Webscraping images in r and saving them into a zip file-CodePudding

I am trying to webscrape information from this website: https://www.nea.gov.sg/weather/rain-areas and download the 240km radar scans between 2022-07-31 01:00:00 (am) and 2022-07-31 03:00:00 (am) at five-minute intervals, inclusive of end points. Save the images to a zip file.

Edit: Is there a way to do it with just rvest and avoiding the usage of for loops?

I've fount out that the image address can be acquired by clicking on the image and selecting copy image address. An example :https://www.nea.gov.sg/docs/default-source/rain-area-240km/dpsri_240km_2022091920000000dBR.dpsri.png

I've noted that the string of numbers would represent the date and time. So the one I'd need would be 20220731xxxxxxx where x would be the time. However, how would I then use this to webscrape?

Could someone provide some guidance? I can't even seem to find the radar scans for that day. Thank you.

CodePudding user response：

You can consider the following code to save the screenshots of the webpage :

library(RSelenium)
url <- "https://www.nea.gov.sg/weather/rain-areas"
shell('docker run -d -p 4445:4444 selenium/standalone-firefox')
remDr <- remoteDriver(remoteServerAddr = "localhost", port = 4445L, browserName = "firefox")
remDr$open()
remDr$navigate(url)

web_Elem <- remDr$findElement("xpath", '//*[@id="rain-area-slider"]/div/button')
web_Elem$clickElement()

for(i in 1 : 10)
{
  print(i)
  Sys.sleep(1)
  path_To_File <- paste0("C:/file", i, ".png")
  remDr$screenshot(display = FALSE, useViewer = TRUE, file = path_To_File)
}

CodePudding user response：

Scraping the images from the website requires you to interact with the website (e.g. clicks), so we will use the RSelenium package for the task. You will also need to have Firefox installed on your system to be able to follow this solution.

1. Load packages

We will begin by loading our packages of interest:

# Load packages ----
pacman::p_load(
  httr,
  png,
  purrr,
  RSelenium,
  rvest,
  servr
)

2. Setup

Now, we need to start the Selenium server with firefox. The following code will start a firefox instance. Run it and wait for firefox to launch:

# Start Selenium driver with firefox ----
rsd <- rsDriver(browser = "firefox", port = random_port())

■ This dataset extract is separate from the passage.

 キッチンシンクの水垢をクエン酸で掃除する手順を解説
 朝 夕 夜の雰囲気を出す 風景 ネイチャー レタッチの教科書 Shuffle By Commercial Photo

Now that the firefox browser (aka the client) is up, we want to be able to manipulate it with our code. So, let's create a variable (cl for client) that will represent it. We will use the variable to perform all the actions we need:

cl <- rsd$client

The first action we want to perform is to navigate to the website. Once you run the code, notice how Firefox goes to the website as a response to you running your R code:

# Navigate to the webpage ----
cl$navigate(url = "https://www.nea.gov.sg/weather/rain-areas")

Let's get scraping

Now we're going to begin the actual scraping! @EmmanuelHamel took the clever approach of simply clicking on the "play" button in order to launch the automatic "slideshow". He then took a screenshot of the webpage every second in order to capture the changes in the image. The approach I use is somewhat different.

In the code below, I identify the 13 steps of the slideshow (along the horizontal green bar) and I click on each "step" one after the other. After clicking on a step, I get the URL of the image, then I click on the other step... all the way to the 13th step.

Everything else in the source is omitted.